Con oltre 70mila controlli all'attivo, 1.142 interventi fuori dai confini nazionali (relativamente ad attività di controllo per l'eCommerce e la tutela delle indicazioni geografiche), 22 milioni di chili di merce sequestrata (per un valore di 21 miliardi), il bilancio 2020 dell'Ispettorato centrale repressioni frodi (Icqrf) fotografa il lato oscuro del mercato alimentare.

Oltre 70mila i controlli effettuati nell'ultimo anno dall'Icqrf Tutela agroalimentare, nel 2020 le irregolarità viaggiano online
Oltre 70mila i controlli effettuati nell'ultimo anno dall'Icqrf

Solo l'11% dei prodotti è irregolare

Pubblicato sul sito del Mipaaf, il report 2020 si focalizza su frodi, contrasto dell'italian sounding e contraffazioni ai danni del Made in Italy agroalimentare e dei consumatori. In particolare, su 37.508 operatori ispezionati e 77.080 prodotti controllati, le irregolarità hanno riguardato l'11% dei prodotti e il 7,4% dei campioni analizzati. Dati che confermano come la qualità dei prodotti italiani sia salvaguardata da un efficace sistema di controlli. I controlli hanno riguardato per oltre il 90% i prodotti alimentari e per circa il 10% i mezzi tecnici per l'agricoltura (mangimi, fertilizzanti, sementi, prodotti fitosanitari). Risultato? 159 le notizie di reato e 4.119 le contestazioni amministrative a cui si aggiungono 4.762 diffide emesse nei confronti degli operatori. Mentre sono 17 i milioni di euro che dovrebbero essere incamerati a seguito di 1.899 ordinanze di ingiunzione di pagamento.

Patuanelli: «Lavoro dell'Ispettorato è garanzia di qualità»

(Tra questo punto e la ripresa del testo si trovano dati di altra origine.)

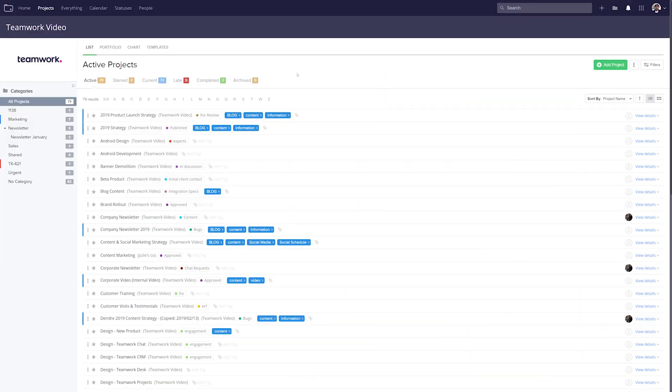In teamwork projects, there may often be a case where several new projects will follow the same structure. With the new project templates feature, you can now create a template with which you can base any of those similar projects on, saving you a ton of time in setting up your projects and allowing you and your team to hit the ground running.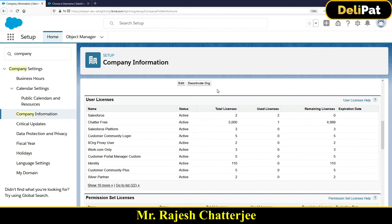There are different license types you'll encounter in projects. The Salesforce license is the costliest — the cost varies by country and time, but it's the highest. If you assign a Salesforce license to a user, that user will have access to everything: all standard and custom objects and features you've developed — complete access to the org.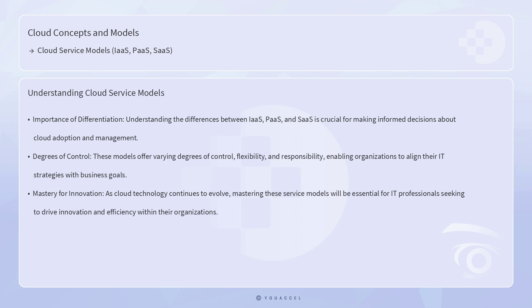In conclusion, understanding the differences between IaaS, PaaS, and SaaS is crucial for making informed decisions about cloud adoption and management. These models offer varying degrees of control, flexibility, and responsibility, enabling organizations to align their IT strategies with business goals. As cloud technology continues to evolve, mastering these service models will be essential for IT professionals seeking to drive innovation and efficiency within their organizations.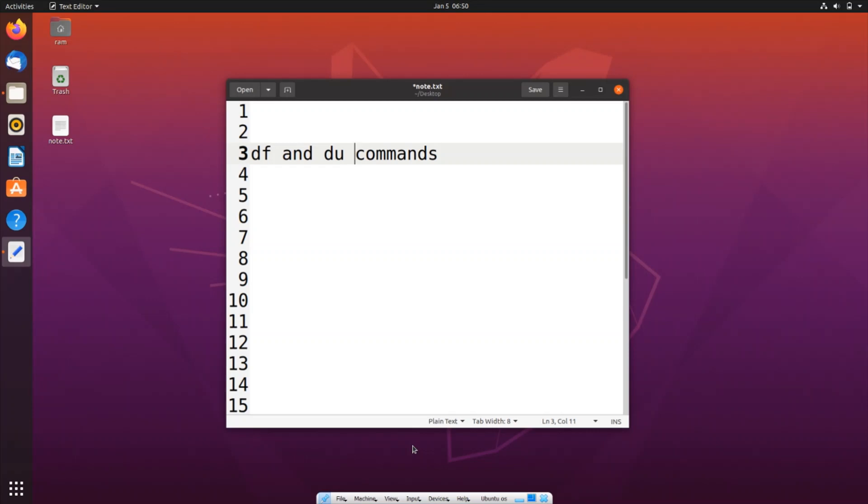Hi everyone, in this video I will be showing you how to find the disk space of your Linux system. I'll be showing you both the free as well as the used space, and I will be showing you how much disk space is occupied by a particular file or folder.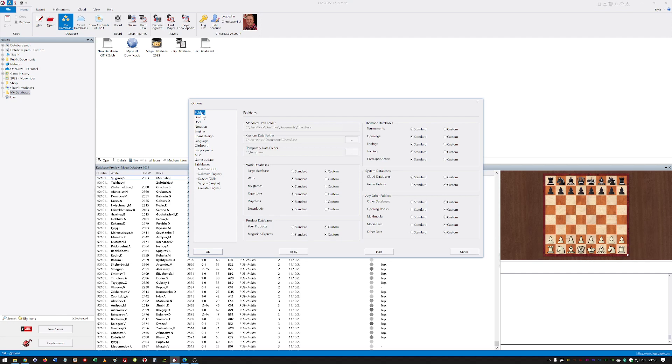ChessBase have really made that work much better in ChessBase 17 by allowing you to set default folders and custom folders as well. You can define your own storage paths via Custom and specify for each typical storage location whether it should be in the document directory or elsewhere. You can have certain things managed by Windows and then have some available on other computers via OneDrive, for example.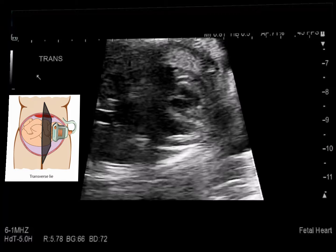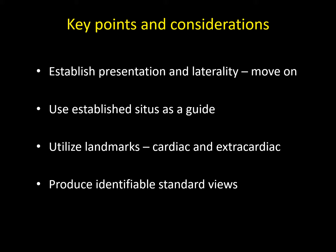Very important points and considerations during your scan: establish the presentation and laterality in the fetus and then continue your scan. You've already established where the fetus is lying within the maternal abdomen and where the cardiac structure lies within the fetal chest. Use that established situs as a guide for your scan. When looking for left or right sided structures — cardiac or extracardiac — you have that situs as a guide. Landmarks both inside and outside the heart, like the trachea and the stomach, are perfect for establishing the situs and sidedness of structures within the fetus.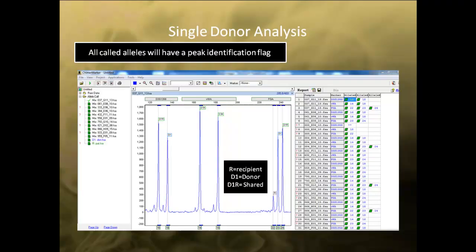After the analysis finishes, all called alleles will have a peak identification of D1 for donor, R for recipient, and D1R for shared alleles. You can review the results in the main analysis window. The Help menu on the upper right-hand corner contains actions to edit alleles, such as deleting, adding, confirming, as well as other editing options.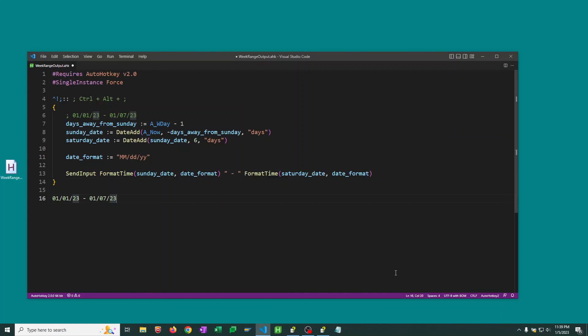I hope this helps you think of any different ways that you can use it with your date time formatting, especially using this new DateAdd function in AutoHotkey v2. It's been super helpful for me. Let me know how you're using it in the comments below and what you want to see next. And until next time. Bye!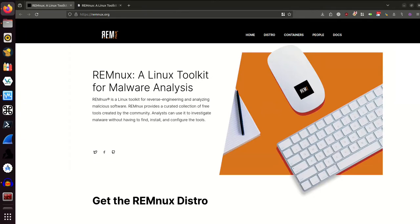What's up everyone? In this video I'm going to show you guys how to install REMnux, a Linux toolkit that can be used for malware analysis.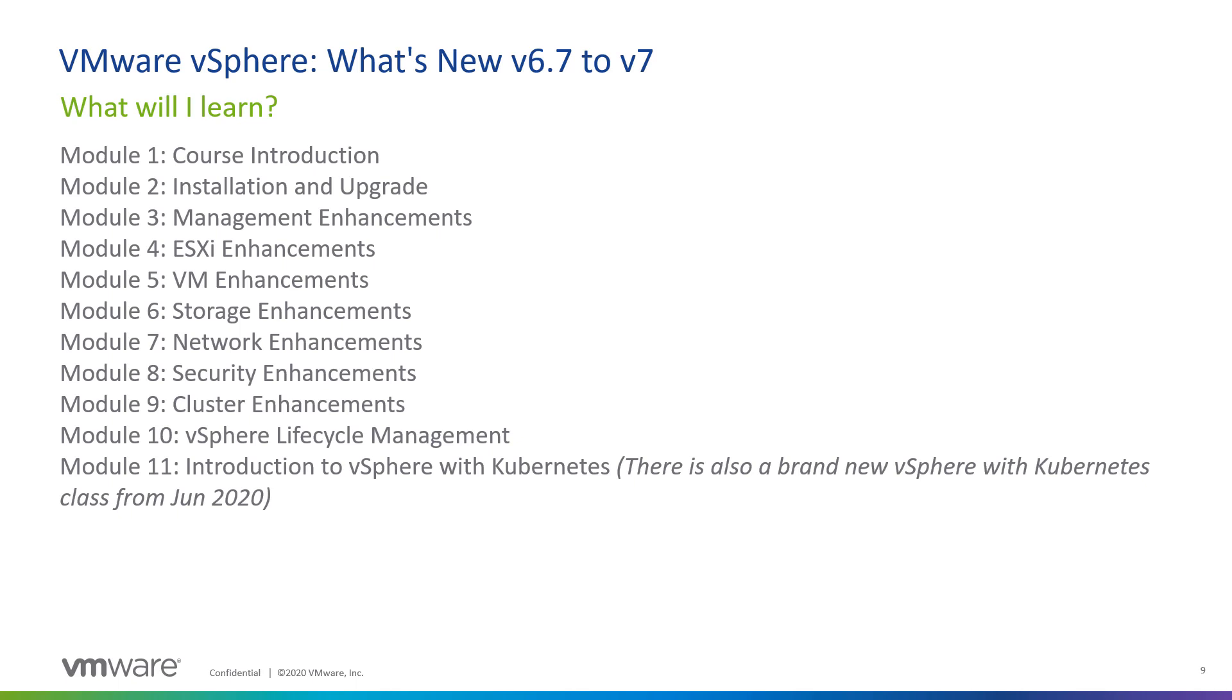In Modules 4, 5, 6, and 7, we'll look at all of the ESXi, virtual machine, storage, and networking enhancements, including what's new in vSAN. These have all been introduced since the initial release of vSphere 6.7. Once again, that's vSphere 6.7 updates 1, 2, and 3, as well as what's new in vSphere 7.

«Il report dell'Icqrf dimostra che nonostante le difficoltà dovute alla crisi pandemica in atto, l'Ispettorato è riuscito nel 2020 ad assicurare un numero di controlli in evoluzione positiva rispetto agli anni precedenti, mettendo in evidenza la qualità e la garanzia dei nostri prodotti agroalimentari nel mercato nazionale e sulle piazze internazionali. La difesa delle produzioni agroalimentari, la tutela della qualità e della salubrità degli alimenti, il contrasto alle pratiche sleali, l'intenso lavoro di vigilanza sulle attività di controllo delle produzioni a indicazione geografica, le attività analitiche dei laboratori a tutela della qualità, sono elementi centrali nelle attività svolte e confermano la qualità del sistema dei controlli italiano», ha ribadito il ministro delle Politiche agricole, Stefano Patuanelli.

Il contrasto dei falsi online

A livello internazionale e sul web, in qualità di autorità ex officio per i prodotti Dop/Igp e organismo di contatto in sede Ue per l'Italia nel settore vitivinicolo, l'Ispettorato ha attivato nel 2020 1.142 interventi, 1.079 in particolare grazie alla continua collaborazione con i web marketplace Alibaba, Amazon, Ebay e Rakuten, che, con il 99% di successi, hanno consentito all'Italia di garantire alle nostre denominazioni d'origine la stessa protezione contro la contraffazione prevista per i marchi privati.